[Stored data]
»»
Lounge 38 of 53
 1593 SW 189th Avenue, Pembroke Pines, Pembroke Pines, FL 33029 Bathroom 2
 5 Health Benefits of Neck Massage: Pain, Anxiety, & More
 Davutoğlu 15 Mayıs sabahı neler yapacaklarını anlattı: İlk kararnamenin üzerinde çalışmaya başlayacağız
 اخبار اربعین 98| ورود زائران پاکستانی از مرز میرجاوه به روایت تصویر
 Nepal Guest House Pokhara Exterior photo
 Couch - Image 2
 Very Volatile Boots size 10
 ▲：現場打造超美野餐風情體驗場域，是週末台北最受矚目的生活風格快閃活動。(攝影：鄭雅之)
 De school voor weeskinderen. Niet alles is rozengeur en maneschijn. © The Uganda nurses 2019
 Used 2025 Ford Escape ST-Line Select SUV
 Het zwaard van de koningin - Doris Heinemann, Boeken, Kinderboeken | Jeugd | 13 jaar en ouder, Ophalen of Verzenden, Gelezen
««
__ABOUT THIS TASK__
Word for word, extract all the records.

__SOLUTION FOR THIS EXERCISE__
Lounge 38 of 53
 1593 SW 189th Avenue, Pembroke Pines, Pembroke Pines, FL 33029 Bathroom 2
 5 Health Benefits of Neck Massage: Pain, Anxiety, & More
 Davutoğlu 15 Mayıs sabahı neler yapacaklarını anlattı: İlk kararnamenin üzerinde çalışmaya başlayacağız
 اخبار اربعین 98| ورود زائران پاکستانی از مرز میرجاوه به روایت تصویر
 Nepal Guest House Pokhara Exterior photo
 Couch - Image 2
 Very Volatile Boots size 10
 ▲：現場打造超美野餐風情體驗場域，是週末台北最受矚目的生活風格快閃活動。(攝影：鄭雅之)
 De school voor weeskinderen. Niet alles is rozengeur en maneschijn. © The Uganda nurses 2019
 Used 2025 Ford Escape ST-Line Select SUV
 Het zwaard van de koningin - Doris Heinemann, Boeken, Kinderboeken | Jeugd | 13 jaar en ouder, Ophalen of Verzenden, Gelezen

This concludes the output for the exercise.